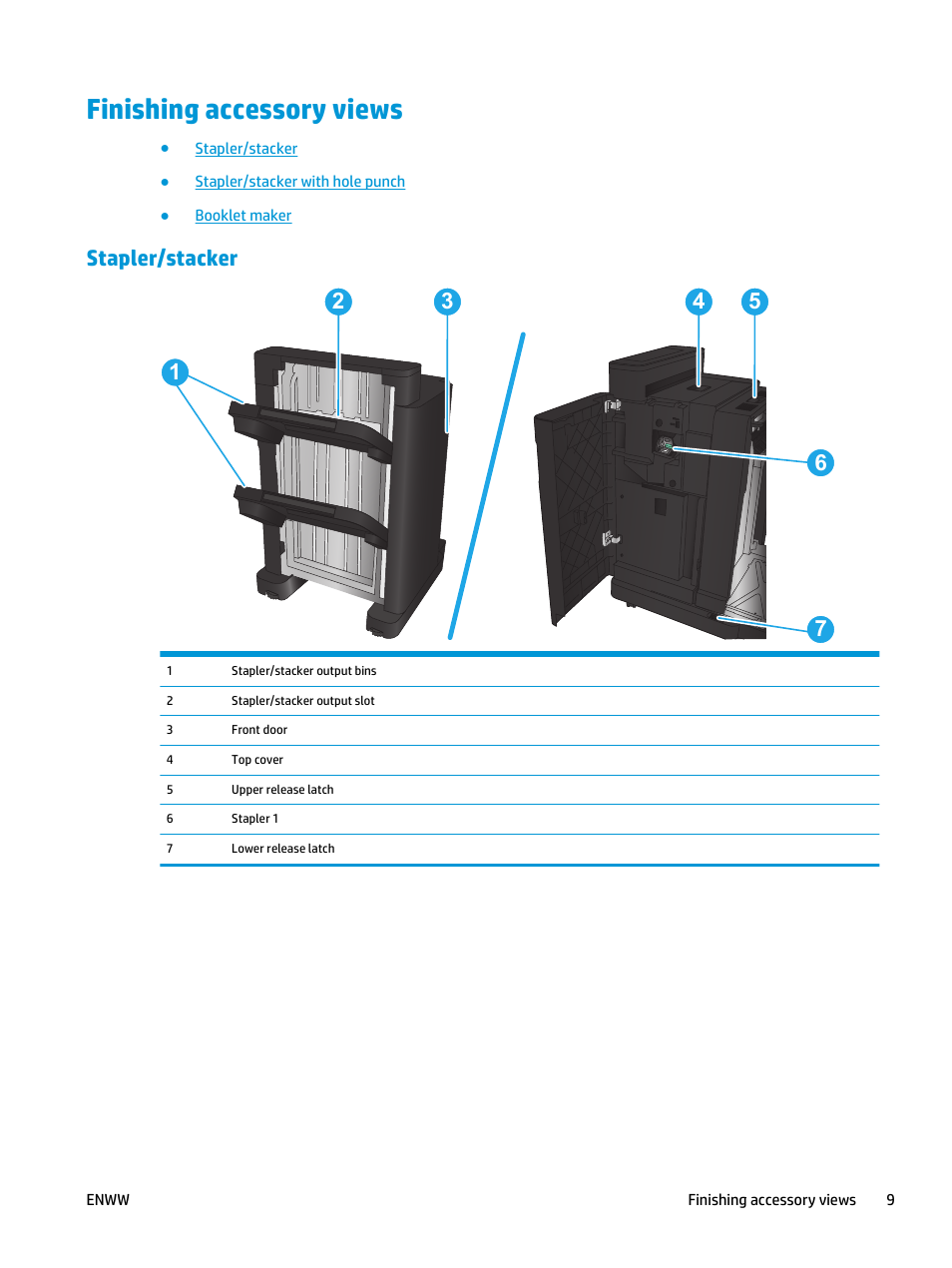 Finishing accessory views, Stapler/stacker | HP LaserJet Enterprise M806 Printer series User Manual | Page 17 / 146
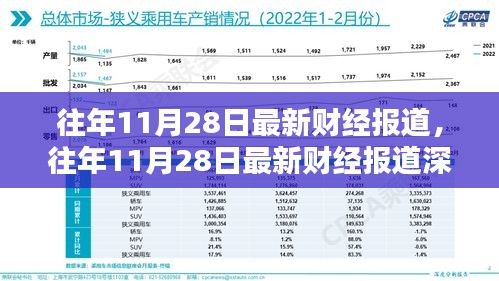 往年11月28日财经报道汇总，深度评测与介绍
____
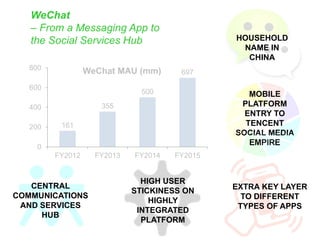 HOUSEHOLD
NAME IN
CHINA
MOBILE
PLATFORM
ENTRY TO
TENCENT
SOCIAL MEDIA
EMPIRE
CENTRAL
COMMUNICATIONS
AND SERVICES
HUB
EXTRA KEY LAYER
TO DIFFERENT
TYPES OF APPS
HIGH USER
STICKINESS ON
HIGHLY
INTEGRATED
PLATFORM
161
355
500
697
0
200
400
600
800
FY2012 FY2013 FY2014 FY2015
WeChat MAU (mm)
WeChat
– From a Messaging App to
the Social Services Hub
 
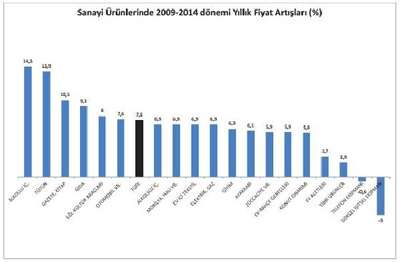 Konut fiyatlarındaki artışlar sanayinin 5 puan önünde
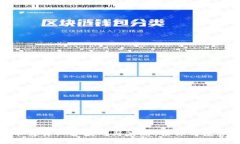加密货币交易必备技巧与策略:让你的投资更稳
____
**Exercise objective**
Your output should be the lines above from the one that contains "FY2012 FY2013 FY2014 FY2015" through the one that contains "加密货币交易必备技巧与策略:让你的投资更稳", word for word, with pictures left out.

**Output of the exercise**
FY2012 FY2013 FY2014 FY2015
WeChat MAU (mm)
WeChat
– From a Messaging App to
the Social Services Hub
 
 Konut fiyatlarındaki artışlar sanayinin 5 puan önünde
加密货币交易必备技巧与策略:让你的投资更稳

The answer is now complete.